A aristocracia brasileira não aceitava a ideia de uma mulher governar o País,principalmente Isabel, casada com o frânces Gastão de Orléans, o conde D'eu. Para os nobres, o Brasil acabaria governado pelo europeu.
Outro fato determinante para a onda republicana foi a abolição da escravatura, promulgada um ano antes, por meio da Lei Áurea, assinada pela princesa Isabel, fato que desagradou a elite, pois acabou com umas das maiores fonte de lucro dos fazendeiros, sem nenhuma indenização. “Os aristocratas se sentiram traídos pela monarquia, reforçando ainda mais o movimento republicano”, ressalta Laurentino.

No movimento republicano, os radicais consideravam que o novo regime seria um meio para ampliar a democracia. Já oligarcas viam a chance de maior autonomia nas províncias do País.

DISPUTA AMOROSA
Em seu livro, Laurentino Gomes relata outro episódio curioso que ocorreu nos bastidores que antecederam a Proclamação da República: a disputa entre o Marechal Deodoro e senador gaúcho Gaspar Silveira de Martins pelo amor de Maria Adelaide Andrade Neves Meireles, a baronesa do Triunfo. Eles rivalizaram desde 1883.
O senador levou a melhor sobre o militar e conquistou a baronesa. Foi o início do atrito entre os dois, culminando na decisão de Deodoro em aderir de vez ao movimento republicano.

Sistema conviveu com ditaduras

Há 124 anos o Brasil adotou o sistema de governo presidencialista, referendando o chefe da Nação através do voto direto. Entretanto, a história das eleições no Brasil foi marcada por dois regimes ditatoriais e pela prática do voto de ‘cabresto’, ou seja, o controle do meio político pelo abuso de poder.

O primeiro regime ditatorial brasileiro foi o Estado Novo, que durou de 1937 a 1945, liderado por Getúlio Vargas. Na época, o Brasil vivia a expectativa de eleições diretas para presidente, que seriam realizadas em 1938.

“O Brasil não tem tradição democrática, que vem se consolidando aos poucos.

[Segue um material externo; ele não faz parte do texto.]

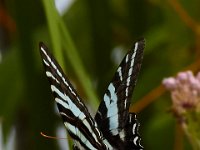 07-21-17-Selbys-Mattaponi-21615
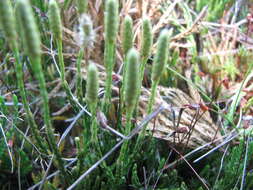 Image of savinleaf groundpine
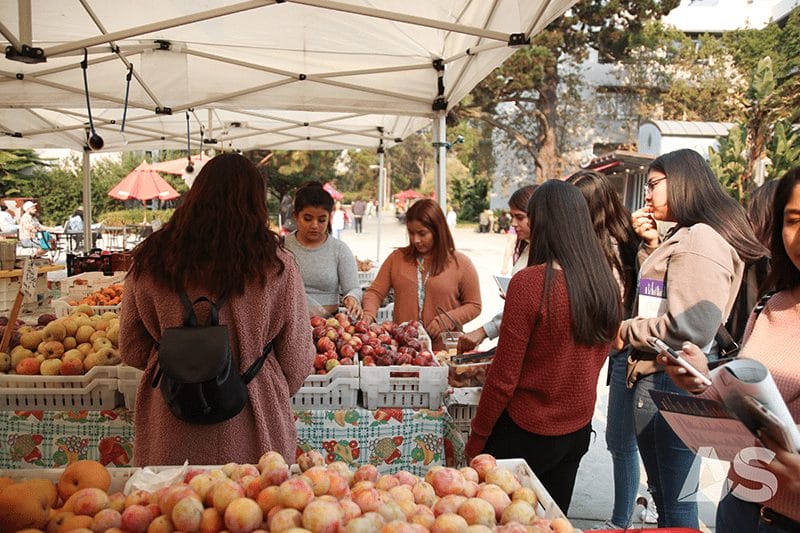 SFSU Farmers markets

Mesmo antes do Estado Novo, o voto de cabresto era comum, fraudando as eleições”, avalia o historiador Renato Alencar Dotta.

Com o fim da ditadura de Vargas, o Brasil viveu nova onda de euforia protagonizada pela sensação de democracia, que caiu por terra em 1° de abril de 1964, quando outro golpe derrubou o presidente eleito João Goulart, estabelecendo os militares no poder até 1985.
Marcado pela repressão aos que contestavam o regime, a ditadura militar atingiu o ápice em dezembro de 1968, durante o governo do general Costa e Silva, fechando o Congresso Nacional e pondo fim à pouca liberdade de imprensa que havia.

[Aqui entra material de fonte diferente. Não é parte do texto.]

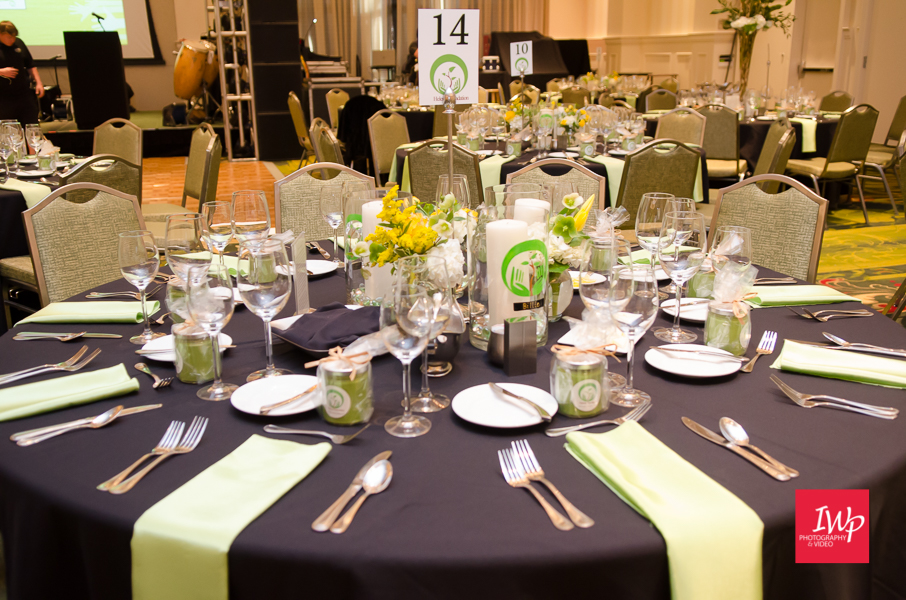 Table setting for the Helene Foundation Gala photographed by IWP Photography & Video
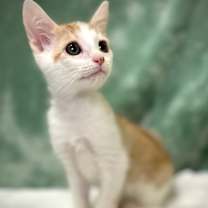 Thumbnail photo of Caleb #4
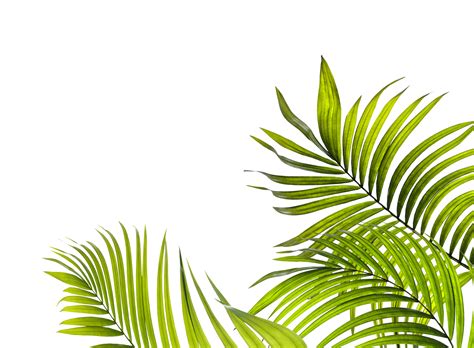 Folha Verde De Palmeira No Arquivo Png De Fundo Transparente 10124427 Png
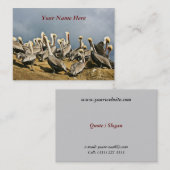 Stillstehende Pelikane Visitenkarte (Vorne/Hinten)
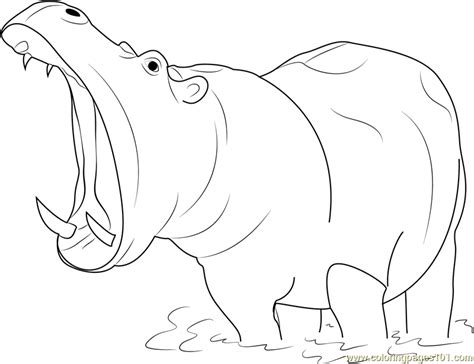 Free shipping on orders over $25.00. Hippopotamus Open Mouth Coloring Page - Free Hippopotamus ...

Em 1989, o Brasil voltou a eleger um presidente da República através do voto direto. Fernando Collor (PRN) foi eleito derrotando Luiz Inácio Lula da Silva (PT), oriundo do movimento sindical do Grande ABC.

“Esse período foi significativo, sobretudo pela força da organização dos trabalhadores, que vislumbravam a possibilidade de conquistas maiores com atuação política”, considera o historiador Paulo Rezzutti.

O especialista recorda que em 1993 ocorreu consulta popular, prevista na primeira constituição brasileira, de 1891, para que fosse realizada futuramente consulta popular sobre o sistema de governo adotado no Brasil. Ou seja, a República ficou clandestina por 102 anos.

O sistema presidencialista foi mantido, prevalecendo sobre parlamentarismo e a monarquia. “A ratificação da República ocorreu mais de 100 anos depois do golpe militar arquitetado pelos republicanos”, disse Rezzutti.